Weston State Hospital, West Virginia. If it weren’t for the bars on the window, you could almost mistake it for Downton Abbey. Payne’s methods did not generally include trespassing. Instead, he went through official channels and found that once he showed a sincere interest in the architecture and history of these properties, he was usually granted full access.
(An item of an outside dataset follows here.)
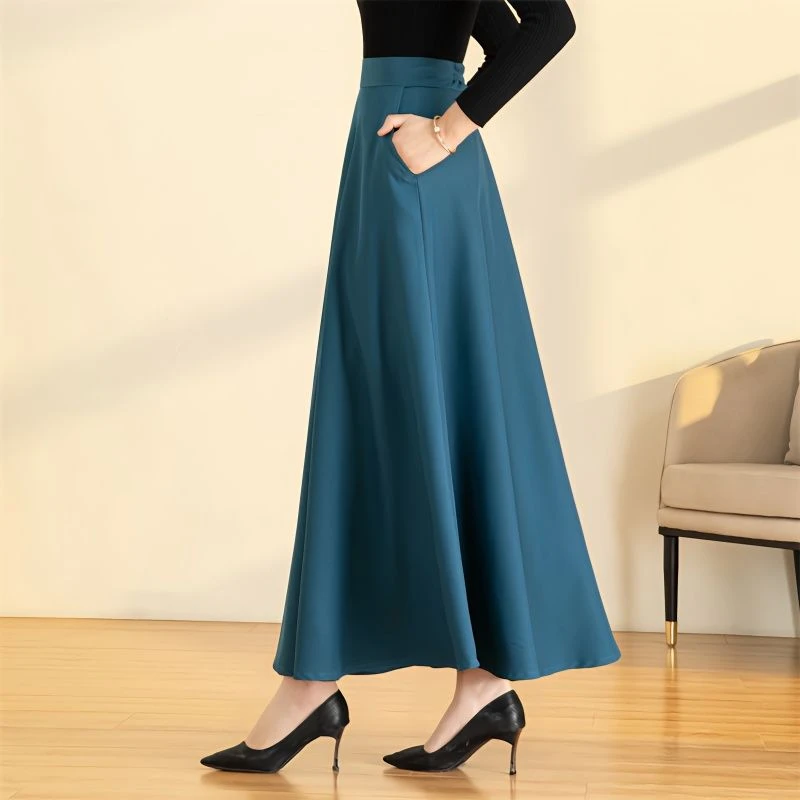春秋新款大摆裙子半身裙女裙气质高腰妈妈裙垂感A字伞裙百褶长裙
But Payne saw beyond “the superstitions and third-hand horror stories” that these places inspire and using his trained eye noted their “outward similarity to great resort hotels of the era.” A verdant setting and dignified atmosphere, along with occupational therapy and the arts, figured prominently in the planning of the early hospitals built in the latter part of the 1800s. Such institutions were often proudly self-sustaining and Payne has numerous views of on-site farms, greenhouses, vocational workshops, a fish hatchery, etc. There’s even a shot of a kitchen in Pennsylvania’s Danville State with five enormous vats that were solely used for making sauerkraut. This original idea of the therapeutic value of work and culture, and its palliative effect on mental illness, later when out of fashion.

Noble Hall theater, Connecticut Valley State Hospital

Eventually psychotropic drugs came onto the scene, but as author/neurologist Oliver Sacks asserts in the book’s introduction, a well-intentioned notion of patient’s rights replaced the “normalizing” effect of the work that was now seen as exploitation and left them with little more to do than to watch television. The resulting warehouse effect left us with the “snakepit” image that most associate with state hospitals. Sacks’ essay, while certainly astute and filled with first-hand knowledge (he worked at Bronx State Hospital for 25 years), does seem a little rosy at time—for instance, there is no mention of the controversial (over)use of electroshock therapy. Still, the idea of these grand old asylums being a place where one could be both “mad and safe” is compelling considering the hasty deinstitutionalization that started in the 70s and 80s. The lack of sufficient transitional services—and medication that controlled the worst impulses of serious mental illness but left users unmotivated—burdened the U.S. with a large homeless population that later economic problems only exacerbated.

The self-contained skyline of Danvers State at sundown: the day of wrecking ball was not far off.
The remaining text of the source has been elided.